The usual way of comparing greenhouse gases is through a single conversion factor, called the global warming potential, which uses a somewhat arbitrarily chosen time horizon of 100 years. For methane, this is usually given as a factor of 25 (that is, methane is 25 times more potent than carbon dioxide). But Trancik suggests that it is more meaningful to use “goal-inspired metrics,” which incorporate the different residence times of different gases over a time span that depends on when the emissions occur relative to a mitigation goal: an instantaneous climate impact (ICI) and a cumulative climate impact (CCI). She says that how much weight to give the different factors “comes down to how much you care about the rate of change in the short term, as opposed to the equilibrium state” that the climate will ultimately settle in to — which may not be reached for centuries.
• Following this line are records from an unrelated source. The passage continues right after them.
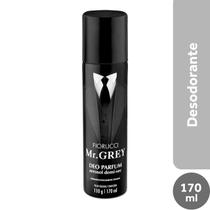 Desodorante Aerosol - Mr Grey- 170 ml Fiorucci Masculino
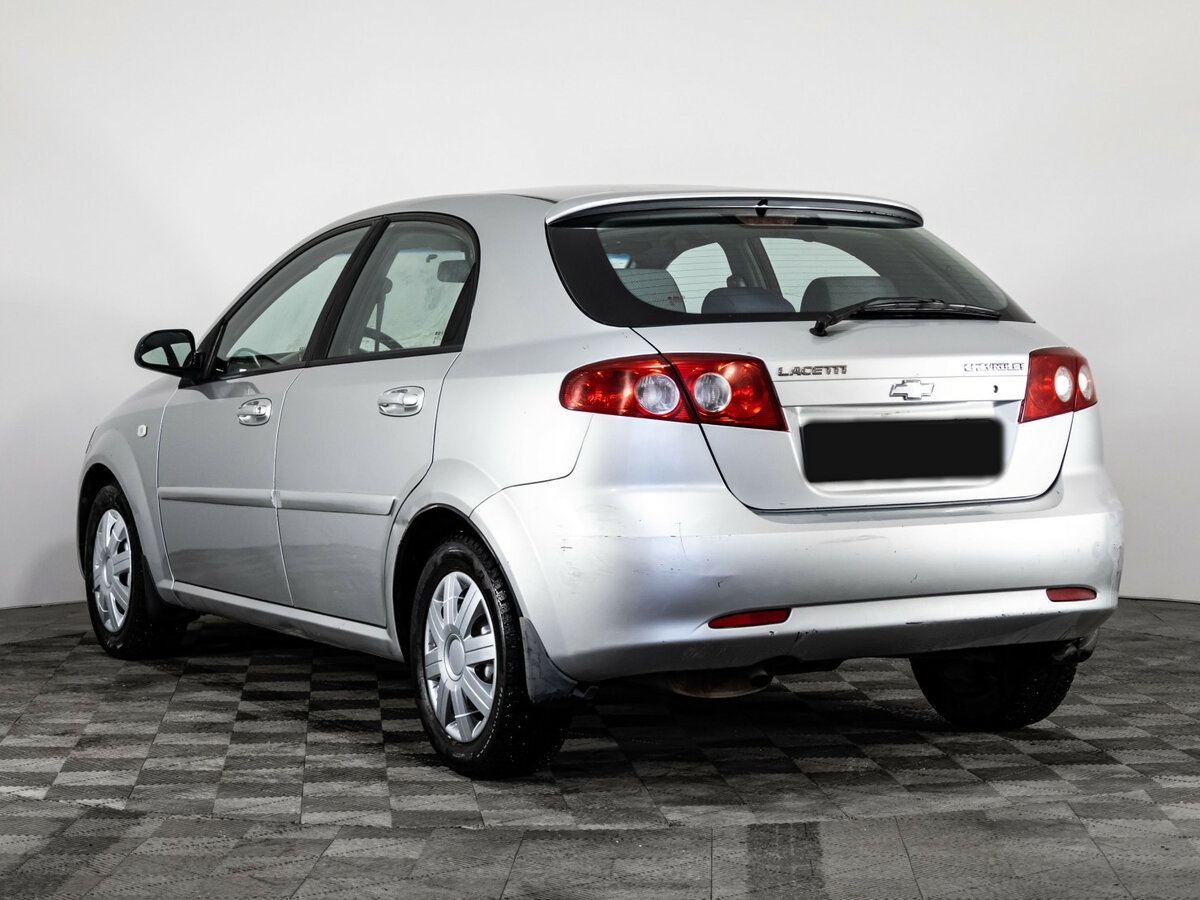 Chevrolet Lacetti I, 2011 Фото №6
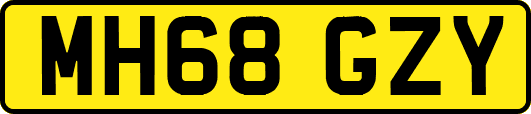 MH68GZY
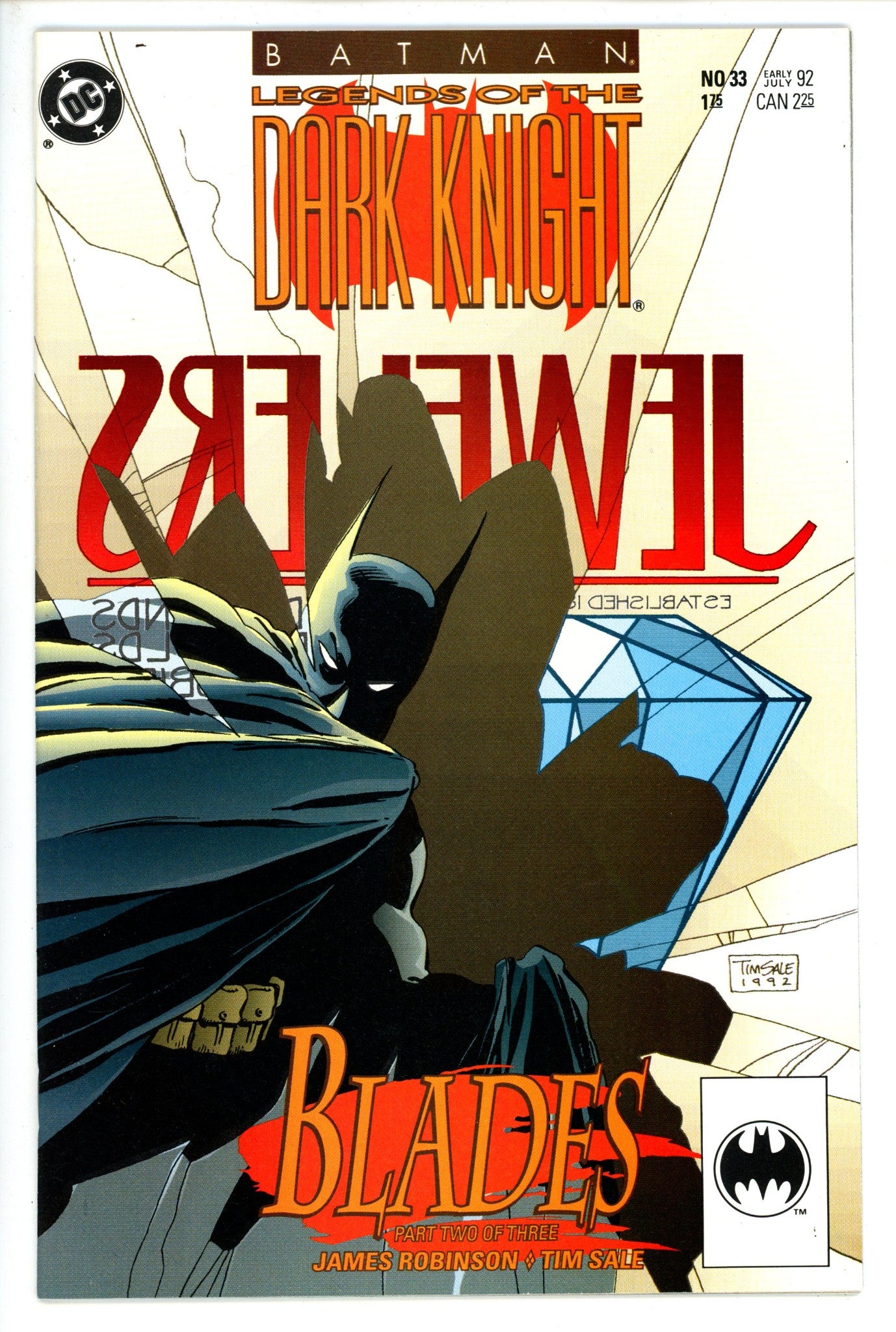 Batman: Legends of the Dark Knight 33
Solomon’s research has recently shown that some of the effects of greenhouse gases can persist for centuries, even after the gases that initially triggered those changes are no longer being emitted at all. Specifically, the expansion of water as it warms, combined with the melting of polar and glacier ice, can lead to significant sea-level rise that would last for centuries even if all new greenhouse gas emissions were stopped altogether. That’s because these gases will remain in the atmosphere and continue to trap heat long after their sources are eliminated — a fact that’s sometimes overlooked in discussions of mitigating climate change. If all carbon dioxide emissions were eliminated by 2050, Solomon and her co-authors found, as much as half of the emissions would still be in the air 750 years later, and still warming the planet.
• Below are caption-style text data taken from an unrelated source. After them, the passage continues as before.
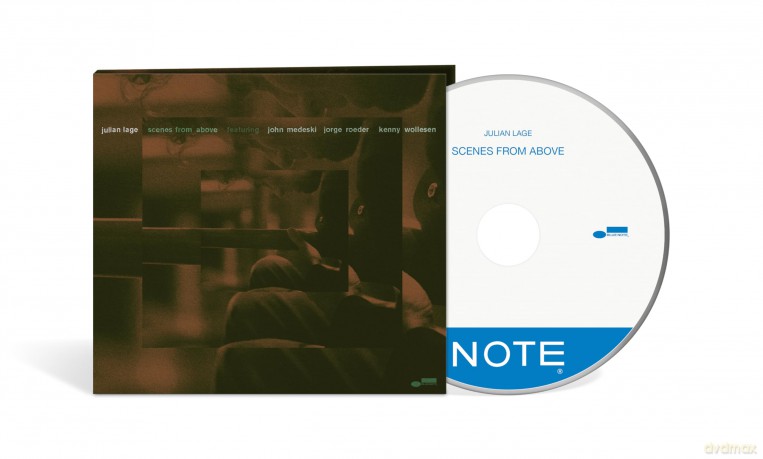 Julian Lage: Scenes From Above [CD]
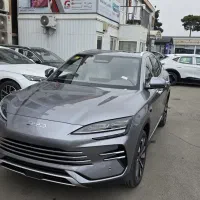 بی وای دی سانگ پلاس 2025 چشم خدا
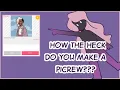 Picrew Beginner s Tutorial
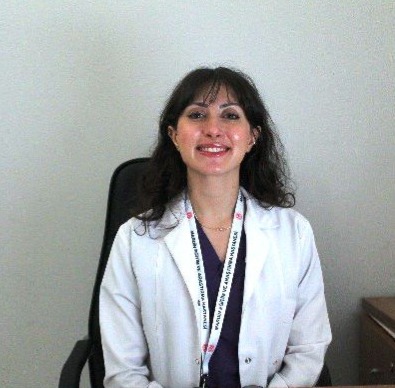 Uzm. Dr. Rana Başara Şahin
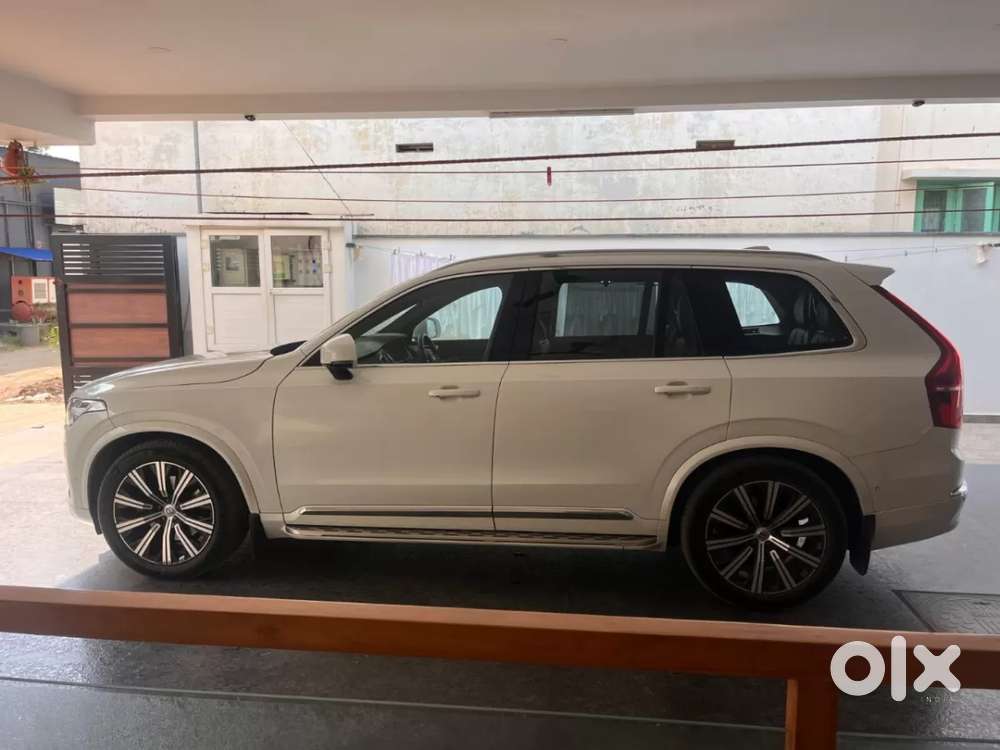 Volvo Xc90, 2023, Petrol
“There’s no question that carbon dioxide is the biggest contributor to human-caused climate change,” Trancik says, “so that’s the big focus of mitigation efforts. But there are a number of others that are also significant. These non-carbon dioxide emissions often come from some sort of leakage in the supply system, unlike the direct emissions of carbon dioxide that result from combusting carbon-containing fossil fuels. There are opportunities to clean these systems up to reduce leakage, though it’s not always easy.”
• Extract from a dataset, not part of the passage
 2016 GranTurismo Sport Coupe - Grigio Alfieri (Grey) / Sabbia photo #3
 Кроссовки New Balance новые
Also, she says, “there’s a challenge in understanding the atmospheric lifetimes of all these greenhouse gases and how the radiative forcing changes as the concentration changes. There are interactive effects that change the radiative efficiencies of all these gases.”

Gases are not the only contributors to the greenhouse effect: Black carbon, otherwise known as soot, as well as some other particulate matter can also play a role. But such materials have even shorter residence times, typically just days or weeks, as they tend to be flushed out of the air by the next rainfall.

Which brings us to the biggest greenhouse gas of all: water vapor. There’s no doubt that water vapor is responsible for more greenhouse warming than any other atmospheric constituent. But water vapor’s behavior depends on the climate, so it is not a driver of climate change but rather an amplifying feedback, since the water cycle is a constant part of the atmospheric circulation. As the air gets warmer, it can hold more water vapor, so a warming climate leads to more vapor in the air, providing a feedback effect — and potentially leading to dramatic changes in rainfall patterns. But, water vapor only stays around until the next rainfall. “Water vapor is a slave to the climate system, it’s not a master,” Solomon says.

So when it comes to changing the planet’s climate, carbon dioxide really is the number one factor — and will be so for the foreseeable future, even if all emissions were to stop right now. Much of the carbon dioxide emitted over the last century will still be there centuries in the future — and will still be warming the planet and causing sea level to rise. “Some of our carbon dioxide will still be there in 1,000 years,” Solomon says. So for all practical purposes, she says, on a human timescale, carbon dioxide emitted into the air leads to “the irreversibility of carbon dioxide-induced warming.”